◆ **Supplied material**:
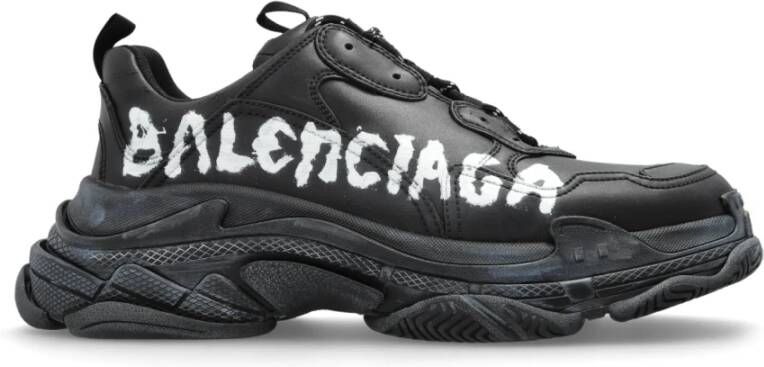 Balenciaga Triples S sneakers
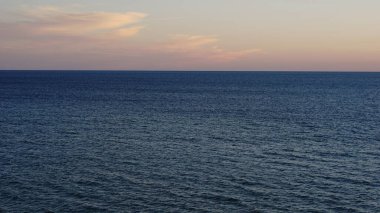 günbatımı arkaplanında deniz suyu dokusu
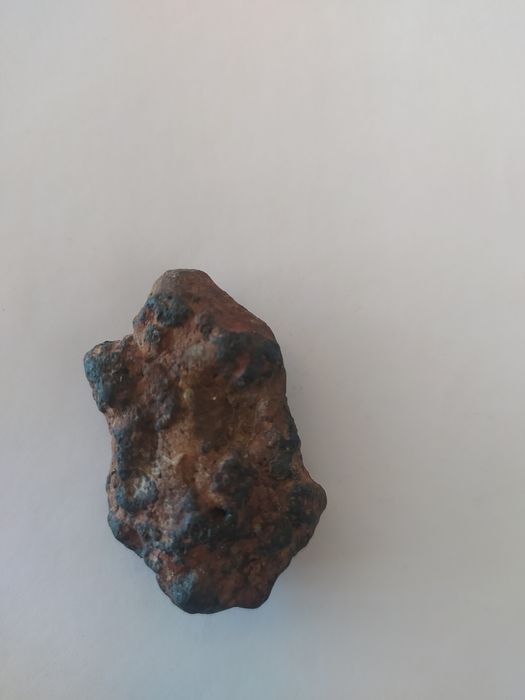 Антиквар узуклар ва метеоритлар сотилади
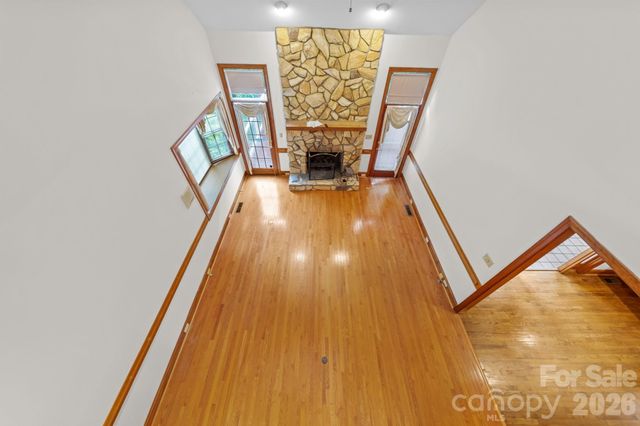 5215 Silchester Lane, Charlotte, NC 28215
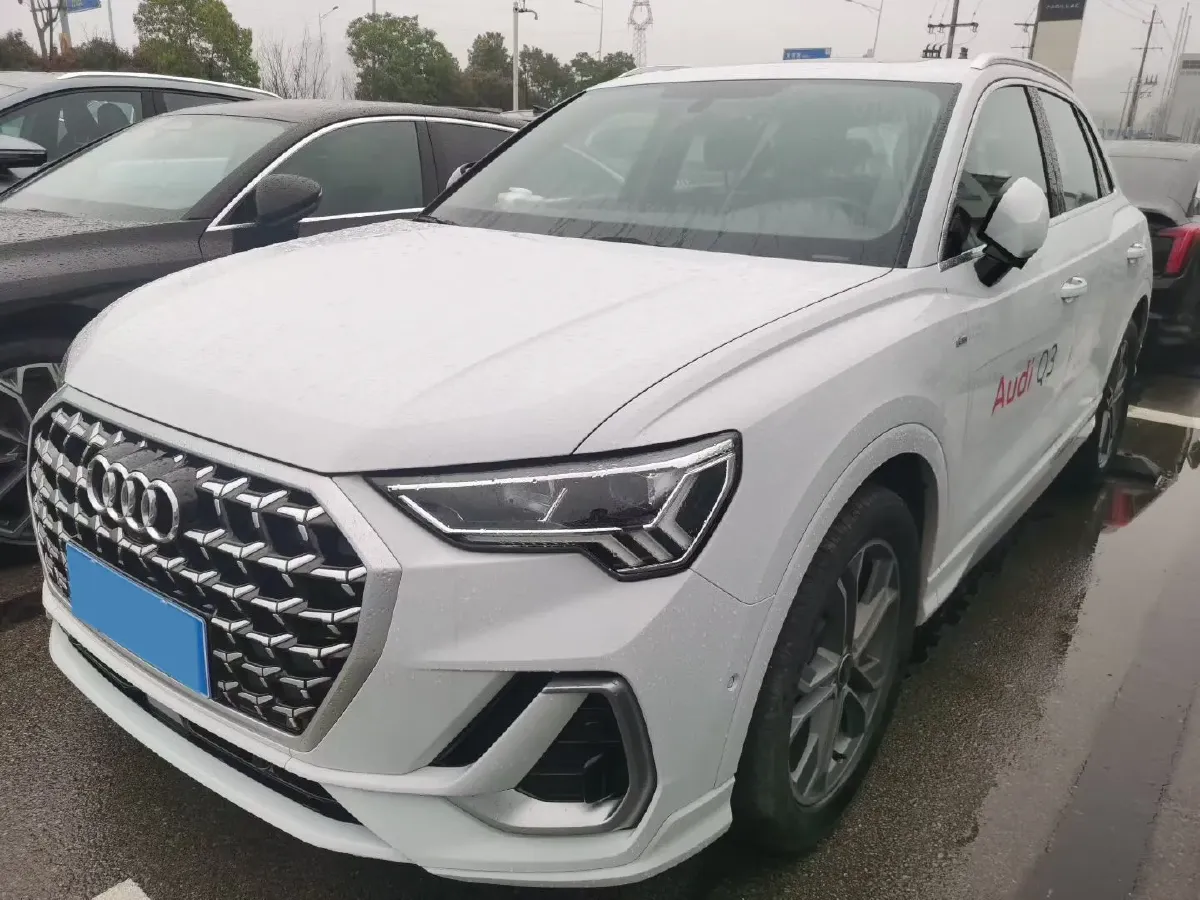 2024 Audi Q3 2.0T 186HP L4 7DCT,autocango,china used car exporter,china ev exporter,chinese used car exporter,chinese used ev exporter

* * *

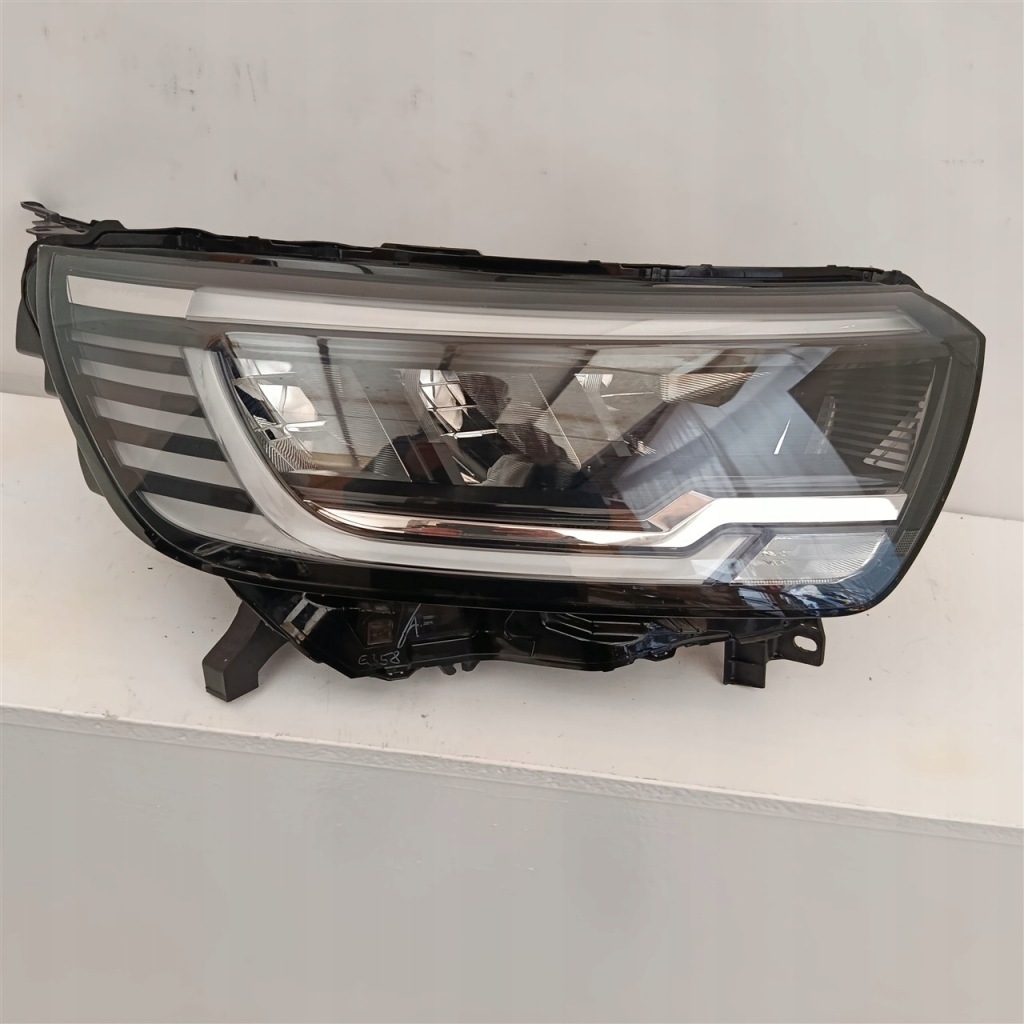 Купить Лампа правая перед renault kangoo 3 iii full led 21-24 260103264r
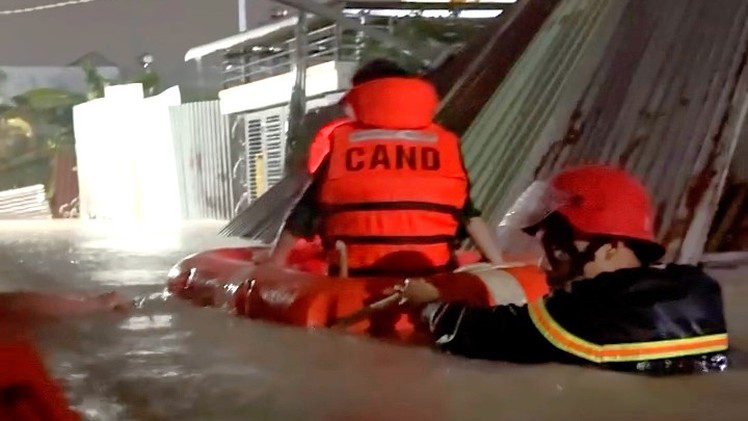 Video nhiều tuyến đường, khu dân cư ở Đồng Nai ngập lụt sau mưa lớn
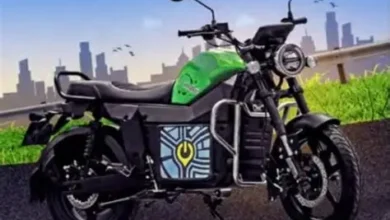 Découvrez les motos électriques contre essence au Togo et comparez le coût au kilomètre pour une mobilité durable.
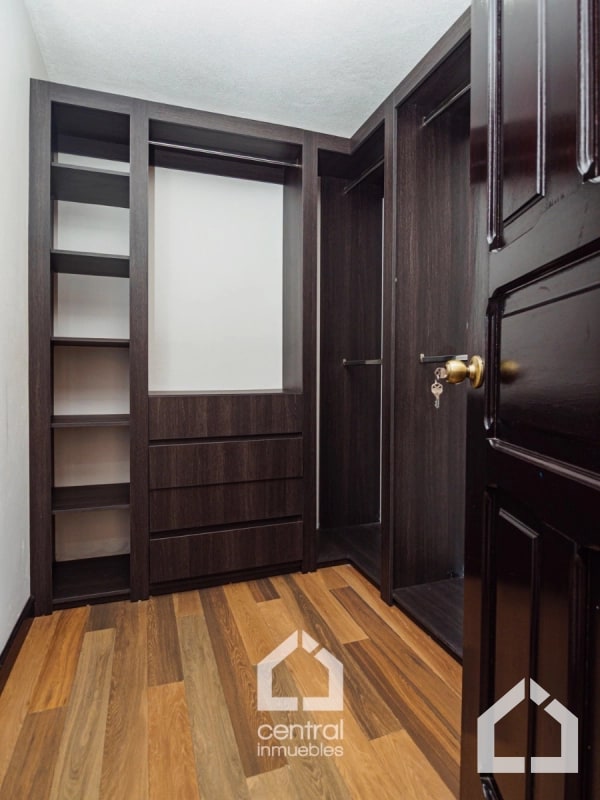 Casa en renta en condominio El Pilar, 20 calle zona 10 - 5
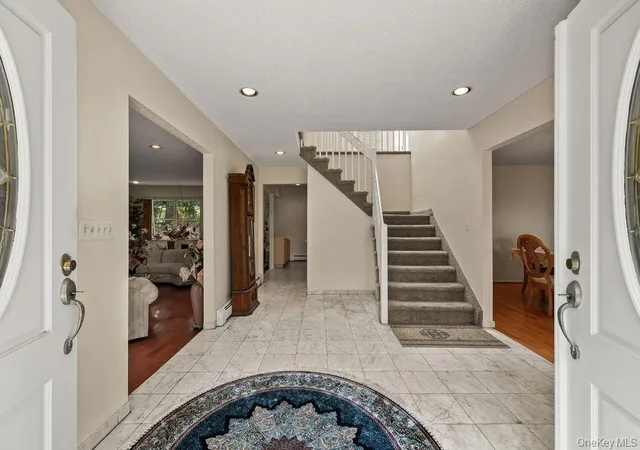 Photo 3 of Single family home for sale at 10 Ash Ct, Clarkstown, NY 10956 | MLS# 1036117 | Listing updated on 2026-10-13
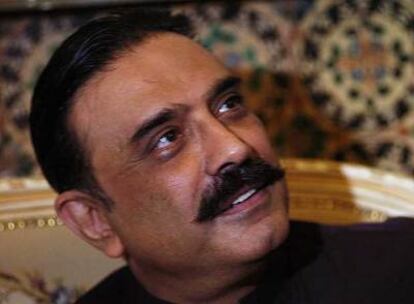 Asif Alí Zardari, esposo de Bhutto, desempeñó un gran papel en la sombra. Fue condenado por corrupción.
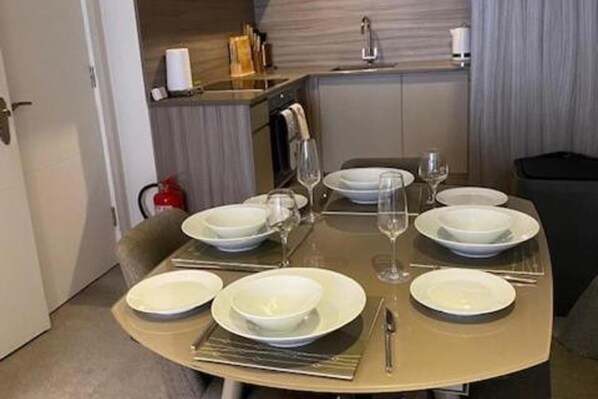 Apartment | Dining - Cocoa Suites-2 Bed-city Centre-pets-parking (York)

...

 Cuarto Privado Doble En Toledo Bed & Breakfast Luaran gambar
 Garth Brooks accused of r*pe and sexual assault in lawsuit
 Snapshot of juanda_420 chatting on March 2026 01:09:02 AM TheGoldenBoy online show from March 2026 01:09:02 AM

◆ **Exercise**:
All that is wanted is the lines above between the one containing "Video nhiều tuyến" and the one containing "Asif Alí Zardari, esposo", inclusive, restated word for word, with pictures omitted.

◆ **Reply to the task**:
 Video nhiều tuyến đường, khu dân cư ở Đồng Nai ngập lụt sau mưa lớn
 Découvrez les motos électriques contre essence au Togo et comparez le coût au kilomètre pour une mobilité durable.
 Casa en renta en condominio El Pilar, 20 calle zona 10 - 5
 Photo 3 of Single family home for sale at 10 Ash Ct, Clarkstown, NY 10956 | MLS# 1036117 | Listing updated on 2026-10-13
 Asif Alí Zardari, esposo de Bhutto, desempeñó un gran papel en la sombra. Fue condenado por corrupción.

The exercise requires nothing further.